My favorite quote from the article is, “PLEASE do something about these hideous machines and their almost constant use. The noise on our street is unbearable,” one survey participant wrote. “I suffer. Our dog suffers.”

Honestly, having fought during the TET Offensive, gas-powered leaf blowers put me right back into a firefight in Nam. I'm overcome with PTSD. Ok, I just made that up, but I need peace and quiet right now. I'm under a lot of pressure.

BTW, as I understand these bad boys are now temporarily banned along Chicago's North Shore from Evanston to Highland Park.

Leaf Blower Fight Roils Greenwich, Conn., Home to World’s Most Perfect Lawns

In an uprising, a coalition of residents say the noise is unbearable. ‘PLEASE do something about these hideous machines.’

By Joseph De Avila, WSJ

Updated Nov. 23, 2023 6:04 am ET

Will Greenwich, Conn., home to some of America’s most perfect lawns, finally blow off noisy leaf blowers?

Some who live there are pleading for peace.

Leaf us be

“The roar, roar, roar is inescapable!” longtime resident Monica Prihoda said at a recent town meeting, imitating a motor with her voice. “Even the storm windows do not protect me.”

“Please,” she implored local officials. “I beg you.”

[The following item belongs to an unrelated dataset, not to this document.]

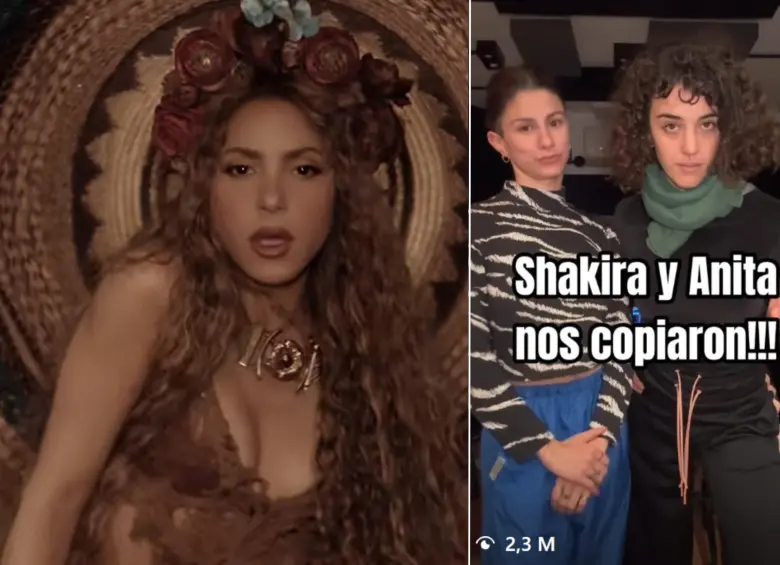 Tushka y Rebebe, integrantes del dúo argentino Sarao, publicaron en Instagram el video en el que comparan su canción “Atómica” con “Choka Choka”, de Shakira y Anitta. Foto: captura de video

More than 100 cities nationwide, including some near Greenwich, restrict loud leaf blowers. But the tony New York City suburb that is home to billionaires and hedge funds, has long refused to turn over a new leaf. Town leaders decades ago exempted gas-powered blowers from Greenwich’s noise ordinance.

Now, a coalition of residents called “Quiet Yards Greenwich” is being anything but quiet. Raking through reams of documents and citing a case from the 17th century (about a neighbor’s pig sty), they are pushing for a seasonal limit on gas-powered leaf blowers—and urging the use of electric ones instead.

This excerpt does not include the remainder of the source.